The news hit mailboxes at the end of September, just in time for Medicare enrollment: Medicare Part D premiums will increase in 2016. In fact, the ten plans that currently cover 80 percent of Part D participants will increase an average of eight percent.

This should come as no surprise. The law prevents Medicare from negotiating the price of drugs for its recipients. Medicare happily pays asking price. And asking price has been on the rise in a dramatic way.

According to an analysis by the Wall Street Journal, revenue growth for the 30 top selling drugs sold by U.S. pharmacies averaged 61 percent. That’s three times the increase in prescriptions for the same drugs during the same five years.

Part of the increase in prescription prices is a result of pharmaceutical companies purchasing drugs and raising their prices. Let’s go ahead and call this practice predatory, because that’s exactly what it is. One of the predators? Valeant Pharmaceuticals. This year they bought Nitropress and Isuprel, both cardiac drugs, and bumped their prices 525 percent and 212 percent respectively, the very same day.

The American Pharmacists Association explains that after Valeant’s purchase of Bausch and Lomb in 2013, the cost of Ativan jumped to $2,500 for a bottle of 100 pills. Ofloxacin ear drops jumped from $10 to $20 dollars to between $100 and $200 per bottle.

That’s some expensive swimmer’s ear.

Valeant seems like an extreme example, but it isn’t isolated. Dublin-based Mallinckrodt tried it. Horizon Pharma does it. But arguably the most well-known in the category is Turing Pharmaceuticals.
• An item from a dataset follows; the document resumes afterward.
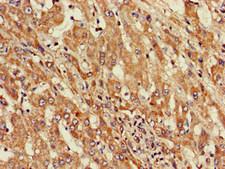 ST8SIA5 Antibody - Immunohistochemistry of paraffin-embedded human liver cancer using ST8SIA5 Antibody at dilution of 1:100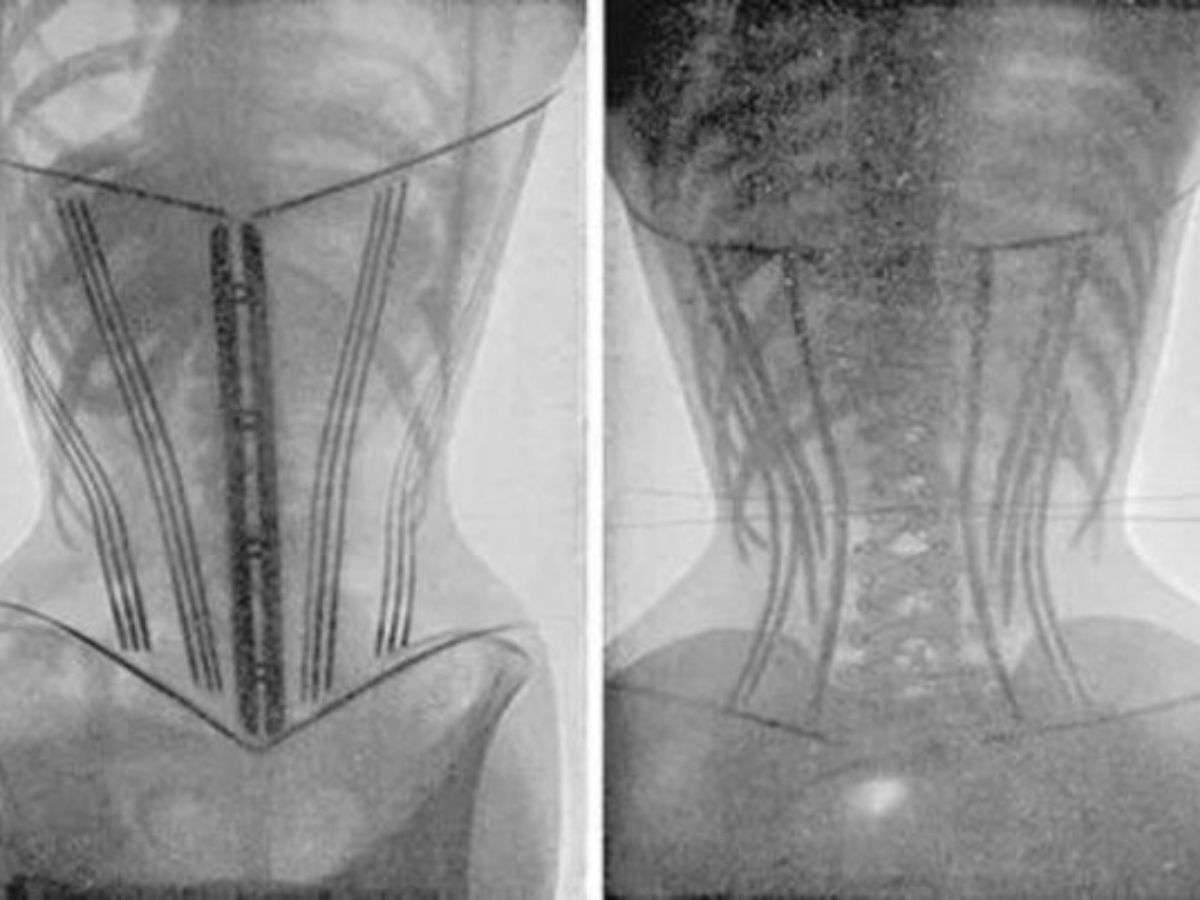 corset-la-gi-tim-hieu-ve-corset-cach-chon-va-su-dung-corset-an-toan-5376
Turing is the infamous company led by “Pharm Bro” Martin Shkreli that bought the rights to Daraprim in August. The company immediately raised the price a whopping 5,000 percent. Daraprim is used to treat toxoplasmosis, a parasitic infection that doesn’t generally affect healthy people. In fact about 60 million of us here in the U.S. have it. Our immune systems keep it in check. But if a person has a compromised immune system – say someone with AIDS or cancer – toxoplasmosis can cause brain damage and blindness. Getting treatment isn’t really a choice for such patients, any more than eating is.

Shkreli said he was going to lower the prices after all the public backlash. But right now I can buy 70 tablets of Daraprim at my local pharmacy – with a coupon – for $45,517.
The public is justifiably outraged at this move. But I wonder if Pharma Bro has done us a favor.

It’s political prime time right now and no politician with even a mediocre spin doctor on his team is going to miss this opportunity. Could it be that the public outrage will be enough to right this ship? I don’t know. It was disappointing that this wasn’t discussed on the Democratic debate. But Bernie Sanders has a bill in front of congress to allow Medicare to negotiate drug prices. Hillary Clinton has been talking up her multi-part plan to control drug costs. Republican voters see drug prices as a more pressing issue than Obamacare.

So maybe, just maybe, Pharma Bro got this party started for us. That’s good news, but not in time for those of you enrolling in Medicare today.

During last year’s enrollment I offered step-by-step instructions on how to choose the best Part D plan. Even if you went through this exercise last year, please do it again this year. Drug prices are clearly a moving target. There may be a plan that meets your needs more closely this time around.

Another great tool to research the cost of prescription drugs is a free app called GoodRx . This allows you to compare drug costs among the pharmacies in your local area. It often offers coupons (like the smokin’ deal on Daraprim I mentioned earlier).

Prescription drug costs have the potential to affect all of us significantly – regardless of political views or health status. So do your research, plan wisely for your future needs, and consider carefully the cast of political candidates. Our collective health and financial well-being depend on it.